Aunque criado con dificultades, con los cuidados más delicados, a causa de la debilidad de su salud, le llevaron a las escuelas, una vez que estuvo en estado de aprender. Era por naturaleza dulce y complaciente con los compañeros; y sus sumisión y su obediencia a sus padres y maestros no le desmintieron nunca; su piedad era admirable. Así se repartía sabiamente entre el estudio de las ciencias humanas y el temor de Dios; y en éste, no tuvo otro maestro que la unción de la gracia, que actuaba tan viva y tan suave en su alma; ya que su madre no pudo cuidarse de su educación moral, muy ocupada como estaba con los jóvenes príncipes de la familia real.

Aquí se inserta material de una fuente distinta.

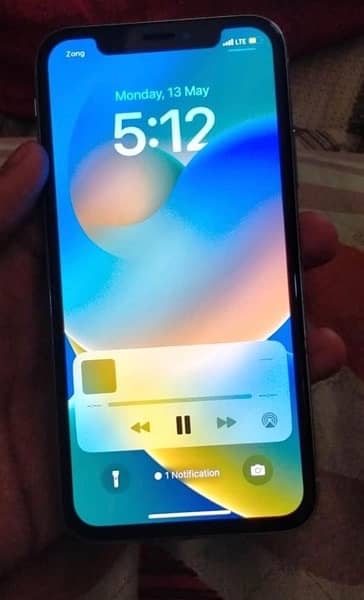 iPhone X pta Approved with box urgent sale 5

El Sr. de la Salle hizo sus estudios de filosofía y teología en el colegio de Lisieux, y luego en la Sorbona bajo el famoso Despériers, en cuya casa se alojaba Se sabe, por testimonios seguros, cómo correspondió a los planes de sus padres por su aplicación al estudio y su buena conducta. No disipó nunca el dinero en juegos y en diversiones, como hacen tantos jóvenes en medio de esta gran ciudad, tan rica en placeres y en medios de corrupción para la juventud; y su profesor tuvo siempre de qué alabarse  por la equidad y la gratitud del joven estudiante. Tenía veinticuatro años cuando se graduó en artes. El acta de renuncia, hecha a su favor, del priorato de Champvant (diócesis de Poitiers) le califica de bachiller en teología. Había recibido la tonsura clerical, a la edad de catorce años, de manos del Sr. Richard Smelatus, obispo de Calcedonia.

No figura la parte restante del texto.